# Money card



## prog54 (Nov 22, 2010)

Sorry don't know the correct title but I understand you can get a card that has had money in euros put on and acts like a credit card.
My questions are:- 
What is the best make of card to get, ie the most acceptable card abroad, say France.
Can this card be used at petrol stations that require payment at the pump by card.
Any other help and advice on this would be appreciated.
Cheers
Terry


----------



## bognormike (May 10, 2005)

see this for a start

http://www.motorhomefacts.com/ftopict-132276-caxton.html


----------



## bigcats30 (Aug 13, 2012)

Look at this

A Credit card would be better....

keep scrolling down and it will show you the pre paid cards you are asking about

Be warned they all have woes so ensure you read about each card

http://www.moneysavingexpert.com/travel/cheap-travel-money


----------



## dolcefarniente (Jan 2, 2012)

Several threads about it Tel if you search it. Cash passport it's called. We use Thomas cook version. Buy it and load it in Euros so no transaction charges and very low cash withdrawal ATM fees. Use it anywhere (others will talk of failed transactions but it's very rare - never for me). It's a debit card so has to be pre loaded. Watch rates and load it when high. We're still spending at 1.25 to the pound. If it's for Europe don't purchase or load it in Sterling.


----------



## bigtree (Feb 3, 2007)

I use the currencies direct card,only problem I have had with it is at French motorway tolls,not accepted other than that east to top up and use.Best to listen to people that use such cards rather than others that just give links to sites that scaremonger.


----------



## cabby (May 14, 2005)

You could of course just get a pre loaded card with euros from Caxton.
I have used it for fuel and at the hole in the wall in France and Spain with no problems. You can top up on line as well.

cabby


----------



## gizmo26 (Aug 27, 2006)

We find Caxton excellent and so easy to use. The only downside is with Pay at Pump petrol stations. You must have sufficient on the card to cover the maximum allowed by the pump. i.e. once a card is authorised at pump it normally gives a maximum sale of (say) €100. If you don't have this on your card you cannot draw ANY fuel.

Peter


----------



## prog54 (Nov 22, 2010)

Thanks to all for the info.It looks like I may go for the Caxton card.

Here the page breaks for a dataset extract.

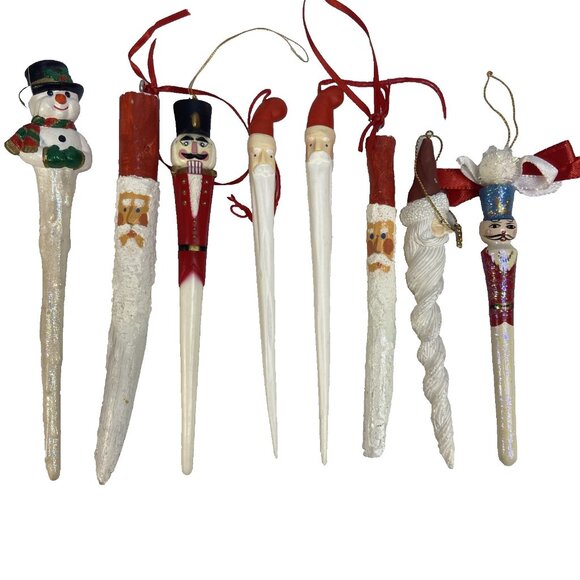 Vintage Christmas Icicle Ornament Santa Snowman Soldier Hanging Lot Of 8 - Picture 1 of 6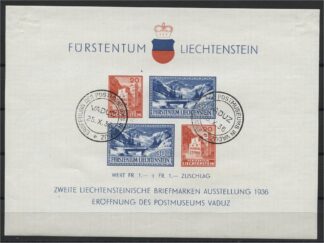 LIECHTENSTEIN, SOUVENIR SHEET 1936, VFU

Pete, your comment re sufficient to cover max sale, is that in fact 100Eu or is it likely to be more. And from a previous post do they debit the max sale figure and then adjust a few days later or do they just take the purchase amount from the card.

cheers
Terry


----------



## cabby (May 14, 2005)

They only take the amount for the fuel you buy off the pump, but as Pete said you should try to keep you card topped up to a min of 150e
the exchange rate is fair, but you do get your euros out of the hole in the wall and goods in shops etc. without charges.


cabby


----------



## bigcats30 (Aug 13, 2012)

And each time you refill the caxton card it must be with a minimum of 100 pounds

The FairFX gets a higher rating and better exchange

Again look at the link I put up and it will show you all the options from best to worst.


----------



## 1302 (Apr 4, 2006)

We used a Caxton card last year whilst visiting various countries.
We had no problems and easily topped it up on line or via text on mobile phone.
It seemed to give us a very good rate. Think last year you had to top up with a minimum of 150 euros.
We will be taking it again with us when we leave in a couple of weeks 
Alison


----------



## tonyt (May 25, 2005)

Caxton works well for me too, both in Europe and assorted African countries (different cards).


----------



## Geriatricbackpacker (Aug 21, 2012)

We have the Post Office prepaid card and have used it in Spain, France and Italy without problem...so long as there is a person to take the card. Some automotive fuel pumps will not accept the card as there is nobody to accept the card. The cards preamble does mention this in the small print but we found the most Carefour fuel stations did accept it without an attendant. We didn't get the chance to research which card we took out and got the best we could, there is a charge to use cash points and a fee to terminate the card and to get the euros returned as sterling. My advice would be to do your research, listen to the subscribers on this forum and then make your decision based upon what you want from the card.


----------



## Mrplodd (Mar 4, 2008)

Another vote for Caxton, I also use Halifax Clarity card (not a pre-paid card though)


----------



## prog54 (Nov 22, 2010)

Many thanks to all who posted suggestions.
I am considering the FairFX card as I will not be using ATM's, all our sites and overnight stays have been paid in advance and we will carry cash for local food purchases, so my biggest outlay will be petrol for the 3 week jaunt round France.
If I am not making the correct assumption please let me know.
Regards
Terry


----------



## emjaiuk (Jun 3, 2005)

prog54 said:


> Many thanks to all who posted suggestions.
> I am considering the FairFX card as I will not be using ATM's, all our sites and overnight stays have been paid in advance and we will carry cash for local food purchases, so my biggest outlay will be petrol for the 3 week jaunt round France.
> If I am not making the correct assumption please let me know.
> Regards
> Terry


If you intend using it for fuel, you will probably find that you are restricted as to which fuel stations you can use. This might be a problem as more and more service stations are pay-at-pump. I would strongly recomend a credit card for the most versatile method of fuel payment. I use a Caxton card and ATMs the same way I used to use travellers cheques, saves carring a lot of cash at start of holiday.

Malcolm


----------



## bognormike (May 10, 2005)

if that's all you want, use a credit card. Much easier and no hassle. The Halifax clarity card is best (in my experience), no transaction charges and good exchange rates. We just use it abroad, and have a low-ish credit limit (not +£10k!) so if it's stolen or cloned there isn't much risk. We keep our regular credit cards in the safe as back-ups.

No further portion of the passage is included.